2.2. Registration Rights: It is anticipated that the shares to be issued in connection with RSUs hereunder will be registered with the Securities and Exchange Commission, however, to that extent that they are not, such shares shall bear a legend indicating that they have not been so registered.
2.3. Independent Contractor Acknowledgment: You agree that you are an independent contractor and responsible for the payment of all income and other applicable taxes arising from or related to the compensation paid or payable by Engine under the terms of this Agreement.
2.4. Expense Reimbursement: Engine agrees to reimburse you for documented reasonable travel expenses and out of pocket expenses in accordance with Engine’s expense reimbursement policies.

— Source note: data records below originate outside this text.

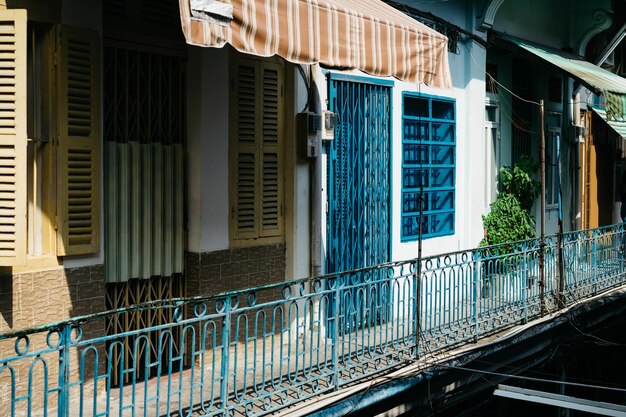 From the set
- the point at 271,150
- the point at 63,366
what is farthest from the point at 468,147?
the point at 63,366

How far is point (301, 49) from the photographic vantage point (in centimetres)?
625

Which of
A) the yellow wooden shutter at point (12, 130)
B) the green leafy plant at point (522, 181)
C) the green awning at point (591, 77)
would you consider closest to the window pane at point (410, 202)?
the green leafy plant at point (522, 181)

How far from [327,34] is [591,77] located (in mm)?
7188

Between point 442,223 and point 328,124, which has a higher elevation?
point 328,124

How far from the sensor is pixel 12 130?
227 inches

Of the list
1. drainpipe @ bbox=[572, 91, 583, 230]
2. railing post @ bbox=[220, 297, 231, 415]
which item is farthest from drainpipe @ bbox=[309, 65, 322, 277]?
drainpipe @ bbox=[572, 91, 583, 230]

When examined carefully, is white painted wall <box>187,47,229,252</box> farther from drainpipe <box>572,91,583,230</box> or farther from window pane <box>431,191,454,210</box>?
drainpipe <box>572,91,583,230</box>

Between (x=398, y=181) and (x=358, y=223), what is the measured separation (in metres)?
1.09

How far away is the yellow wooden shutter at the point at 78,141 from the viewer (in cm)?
654

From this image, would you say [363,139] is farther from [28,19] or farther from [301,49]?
[28,19]

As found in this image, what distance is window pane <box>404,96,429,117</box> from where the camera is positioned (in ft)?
35.6

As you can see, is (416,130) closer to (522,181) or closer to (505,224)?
(505,224)

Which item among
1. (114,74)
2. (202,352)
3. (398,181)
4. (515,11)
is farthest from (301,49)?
(515,11)

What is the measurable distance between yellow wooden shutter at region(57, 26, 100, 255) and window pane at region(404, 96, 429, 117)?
5102mm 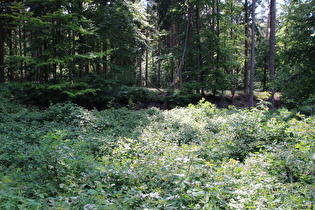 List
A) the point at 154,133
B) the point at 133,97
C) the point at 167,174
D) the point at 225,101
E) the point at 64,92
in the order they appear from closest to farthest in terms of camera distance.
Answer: the point at 167,174, the point at 154,133, the point at 64,92, the point at 133,97, the point at 225,101

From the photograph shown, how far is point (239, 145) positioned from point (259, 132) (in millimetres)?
867

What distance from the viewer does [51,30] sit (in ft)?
44.6

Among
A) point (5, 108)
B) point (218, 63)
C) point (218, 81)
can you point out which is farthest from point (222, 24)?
point (5, 108)

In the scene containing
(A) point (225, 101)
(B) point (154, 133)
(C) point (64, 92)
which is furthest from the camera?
(A) point (225, 101)

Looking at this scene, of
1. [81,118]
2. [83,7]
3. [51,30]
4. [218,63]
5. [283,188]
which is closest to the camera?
[283,188]

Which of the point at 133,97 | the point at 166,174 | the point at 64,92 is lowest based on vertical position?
the point at 166,174

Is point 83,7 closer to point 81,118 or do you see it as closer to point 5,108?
point 5,108

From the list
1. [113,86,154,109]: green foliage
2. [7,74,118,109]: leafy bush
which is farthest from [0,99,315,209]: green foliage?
[113,86,154,109]: green foliage

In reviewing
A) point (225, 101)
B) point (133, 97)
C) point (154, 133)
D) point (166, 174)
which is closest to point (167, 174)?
point (166, 174)

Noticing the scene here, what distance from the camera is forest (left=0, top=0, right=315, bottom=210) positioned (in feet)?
10.2

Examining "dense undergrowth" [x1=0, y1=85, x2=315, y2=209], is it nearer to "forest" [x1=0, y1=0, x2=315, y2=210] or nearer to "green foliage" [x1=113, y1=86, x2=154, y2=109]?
"forest" [x1=0, y1=0, x2=315, y2=210]

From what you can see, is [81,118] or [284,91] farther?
[284,91]

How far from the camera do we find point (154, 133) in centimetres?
702

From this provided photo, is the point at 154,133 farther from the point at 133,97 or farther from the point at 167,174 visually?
the point at 133,97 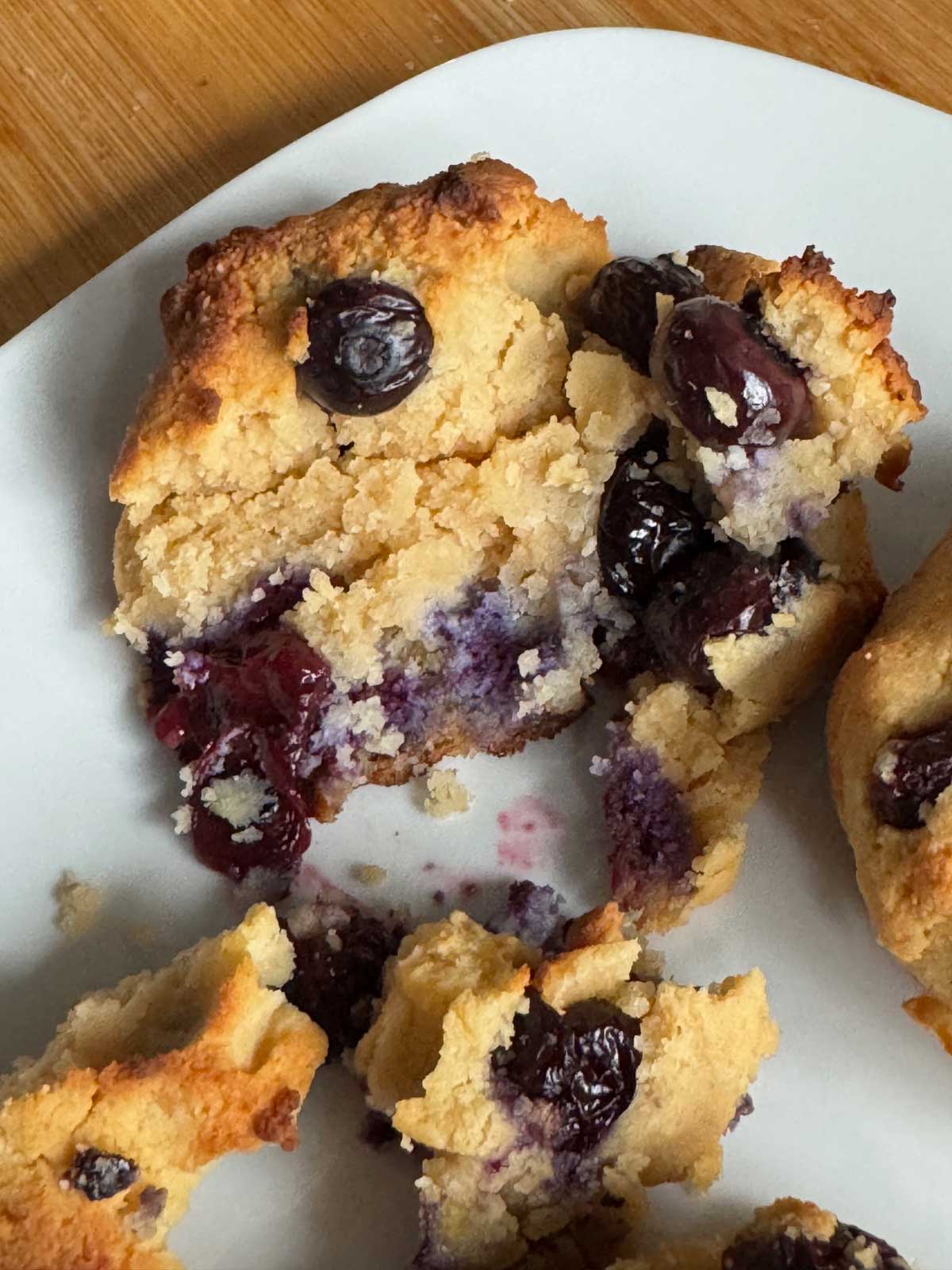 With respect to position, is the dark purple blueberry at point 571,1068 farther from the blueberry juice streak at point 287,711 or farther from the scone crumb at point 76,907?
the scone crumb at point 76,907

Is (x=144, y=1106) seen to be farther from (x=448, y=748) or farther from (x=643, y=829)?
(x=643, y=829)

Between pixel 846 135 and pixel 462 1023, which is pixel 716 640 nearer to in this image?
pixel 462 1023

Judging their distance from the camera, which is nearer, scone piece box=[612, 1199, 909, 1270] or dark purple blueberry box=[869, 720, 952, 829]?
scone piece box=[612, 1199, 909, 1270]

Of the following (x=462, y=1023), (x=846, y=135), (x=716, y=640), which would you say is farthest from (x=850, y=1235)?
(x=846, y=135)

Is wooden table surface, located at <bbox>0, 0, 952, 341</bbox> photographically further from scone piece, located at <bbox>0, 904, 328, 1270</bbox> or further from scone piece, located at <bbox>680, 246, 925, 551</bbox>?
scone piece, located at <bbox>0, 904, 328, 1270</bbox>

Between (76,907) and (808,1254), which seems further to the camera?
(76,907)

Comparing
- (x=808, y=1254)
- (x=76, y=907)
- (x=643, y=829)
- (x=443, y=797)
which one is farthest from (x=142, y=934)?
(x=808, y=1254)

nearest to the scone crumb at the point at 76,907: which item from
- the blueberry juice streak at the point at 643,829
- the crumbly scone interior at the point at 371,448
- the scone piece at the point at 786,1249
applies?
the crumbly scone interior at the point at 371,448

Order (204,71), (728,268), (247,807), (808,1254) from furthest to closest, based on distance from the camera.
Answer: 1. (204,71)
2. (728,268)
3. (247,807)
4. (808,1254)

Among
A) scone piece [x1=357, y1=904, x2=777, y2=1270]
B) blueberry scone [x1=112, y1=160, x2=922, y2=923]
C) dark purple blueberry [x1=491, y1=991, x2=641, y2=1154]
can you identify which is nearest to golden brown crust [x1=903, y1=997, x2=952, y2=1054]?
scone piece [x1=357, y1=904, x2=777, y2=1270] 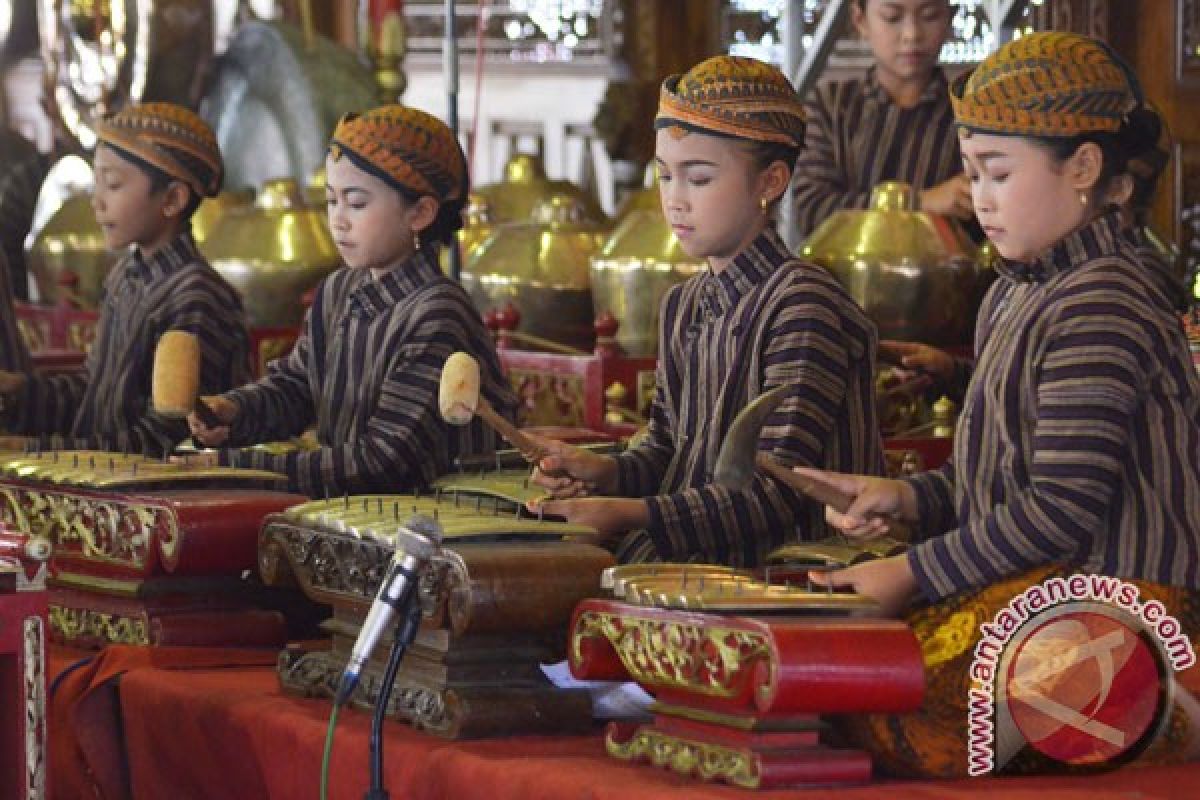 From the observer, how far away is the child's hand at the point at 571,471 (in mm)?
3107

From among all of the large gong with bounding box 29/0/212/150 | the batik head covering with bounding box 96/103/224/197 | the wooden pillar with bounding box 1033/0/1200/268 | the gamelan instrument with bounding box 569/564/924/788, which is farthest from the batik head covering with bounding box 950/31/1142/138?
the large gong with bounding box 29/0/212/150

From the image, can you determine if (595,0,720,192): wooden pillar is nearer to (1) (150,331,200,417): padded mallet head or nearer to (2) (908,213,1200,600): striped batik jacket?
(1) (150,331,200,417): padded mallet head

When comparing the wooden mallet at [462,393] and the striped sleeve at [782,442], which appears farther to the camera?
the striped sleeve at [782,442]

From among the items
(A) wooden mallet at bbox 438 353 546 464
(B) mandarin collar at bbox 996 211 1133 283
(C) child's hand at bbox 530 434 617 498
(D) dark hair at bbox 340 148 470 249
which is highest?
(B) mandarin collar at bbox 996 211 1133 283

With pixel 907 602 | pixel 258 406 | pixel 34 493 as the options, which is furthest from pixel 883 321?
pixel 907 602

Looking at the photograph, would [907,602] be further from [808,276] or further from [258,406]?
[258,406]

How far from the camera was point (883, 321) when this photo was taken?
428cm

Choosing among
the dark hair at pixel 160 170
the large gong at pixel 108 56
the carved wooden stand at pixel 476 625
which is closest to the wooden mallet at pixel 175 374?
the carved wooden stand at pixel 476 625

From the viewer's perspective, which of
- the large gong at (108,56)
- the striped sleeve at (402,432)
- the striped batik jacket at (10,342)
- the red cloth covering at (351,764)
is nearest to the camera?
the red cloth covering at (351,764)

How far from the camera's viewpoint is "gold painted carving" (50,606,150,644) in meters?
3.29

3. | Confidentiality and Trading: |
3.1 Confidentiality: The provisions of the existing Non-Disclosure Agreement between you and Engine, will apply to your services as a director of Engine.
3.2 Trading: You acknowledge that by virtue of your position as a member of Engine’s Board, you will be exposed to material non-public information regarding Engine and that you will not directly or indirectly buy or sell securities of Engine while in possession of such information. Additionally, for a period of three-months following the end of your term as a director on Engine’s Board, unless approved by Engine in writing, you will not directly or indirectly buy or sell securities of Engine whether or not you are then in possession of material non-public information regarding Engine. Finally, during your term as a director on Engine’s Board, and for a period of six-months thereafter, you will not directly or indirectly participate in any oral or written voting agreement or participate in or facilitate in any way other coordinated action with other Engine shareholder(s) regarding the voting of Engine’s securities.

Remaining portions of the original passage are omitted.